Dataset extract
↓↓↓
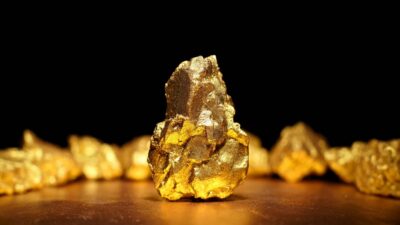 الذهب يسجل مستوى قياسيًا مع توقعات خفض الفائدة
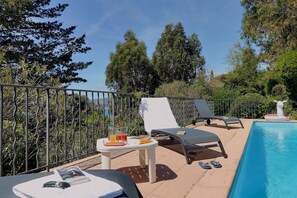 Pool - Apartment, 1 bedroom, Shared pool, Private beach, Mediterranean garden (La Croix-Valmer)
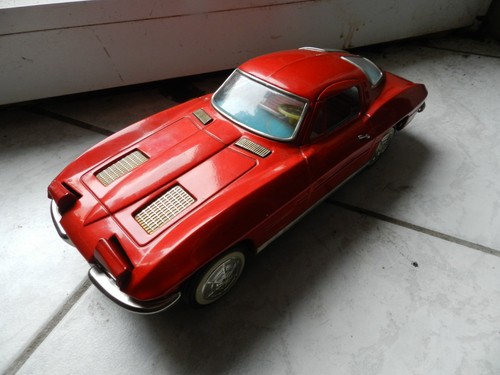 Tin toy corvette - tin,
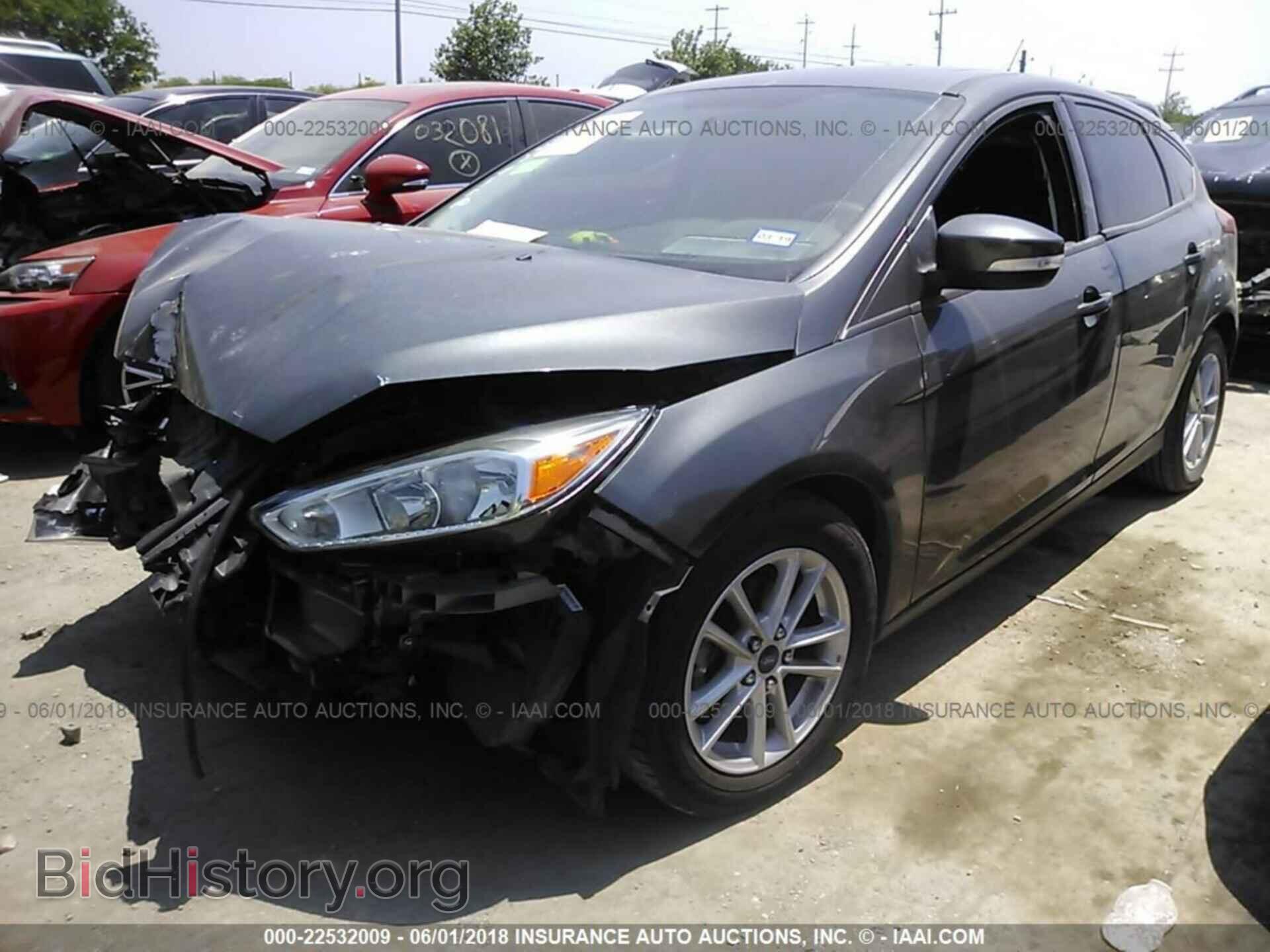 2016 Ford Focus - VIN: 1FADP3K22GL216654 - Photo 2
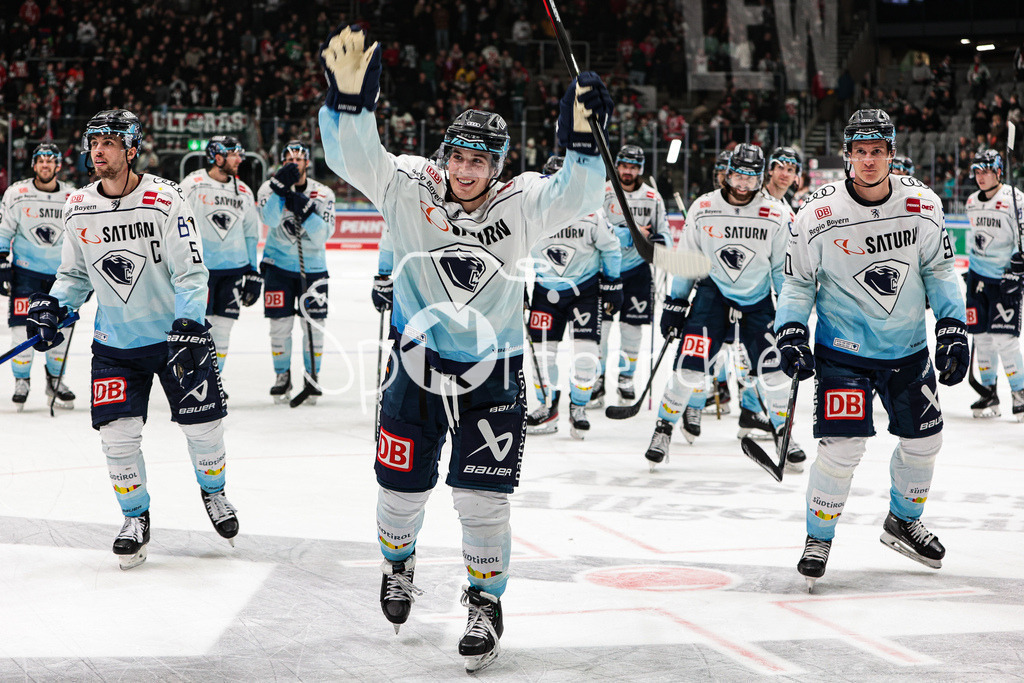Augsburger Panther - ERC Ingolstadt | Große freude bei den gaesten nach dem Sieg in Augsburg / Ty RONNING (ING #91)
↑↑↑
Exercise directions
Here the job is to output the lines from the top of the listing through the line holding "2016 Ford Focus", word for word and without pictures.

Exercise result
 الذهب يسجل مستوى قياسيًا مع توقعات خفض الفائدة
 Pool - Apartment, 1 bedroom, Shared pool, Private beach, Mediterranean garden (La Croix-Valmer)
 Tin toy corvette - tin,
 2016 Ford Focus - VIN: 1FADP3K22GL216654 - Photo 2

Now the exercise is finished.